Венедикт долго укоризненно смотрел на нас, потом вскинул на плечо топор, плюнул и пошел своей дорогой. Мы прыснули. Венедикт обернулся.
– И в кого только вы уродились, черти полосатые?
– Иди к нам, дядя Венедикт, угостим тебя хорошим табаком! – позвал я.
Венедикт почесал в затылке, подумал, потом решился, вернулся и уселся на камне. Закурили.

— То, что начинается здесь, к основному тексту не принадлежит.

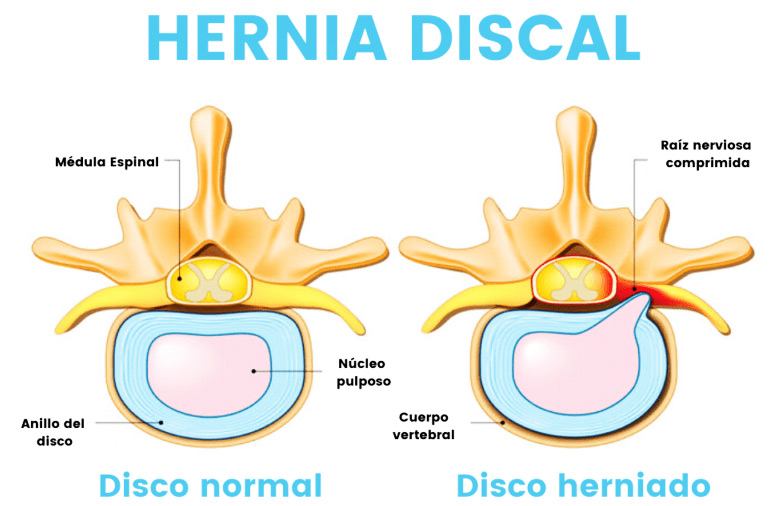 hernia--disco - copia.jpg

– Вот вы здесь дурака валяете, – начал Венедикт, – а простых вещей не понимаете… Потому дети вы, несмышленыши… У реки, как и у леса, свои законы. Это неважно, бьете вы слона или зяблика, ловите рыбу или кита… Охотник должен уважать охотника… Слышали про такое растение – женьшень? Так вот, когда искатель найдет и пометит его, никто другой не имеет права даже дотронуться до того женьшеня. Нарушил правило – смерть тебе! Это – закон! А как же! Река эта – общая, и все мы имеем на нее равное право! Я разве против того, чтобы вы здесь ловили рыбу? Да ни боже мой! Ловите себе на здоровье, рыбы в реке хоть отбавляй! Но ловите по правилу! Эвон сколько тут кошей выше моего! И ничего! Я ни слова! Почему? А потому, что поставлены они по правилу, люди держат расстояние! Я ведь поставил свои кош выше Ладикоиного, а он что? Ни слова. Потому знаю я, где и как ставить кош… А вы? Взяли да устроились и двух шагах от меня… Разве это дело? То-то… – Венедикт поднялся. – Ну ладно, пойду я… А вы тут будьте осторожны с рекой… Супса – она сумасшедшая… Бывайте, ребята!
Венедикт ушел. Мы подобрали свои манатки, сняли наш кош и перенесли его далеко вверх по течению реки.
…На берегу у нас разбита небольшая палатка. Отия и Яго отдыхают в тени палатки, я и Нодар устроились на коше и ждем, когда на сетку выбросится рыба.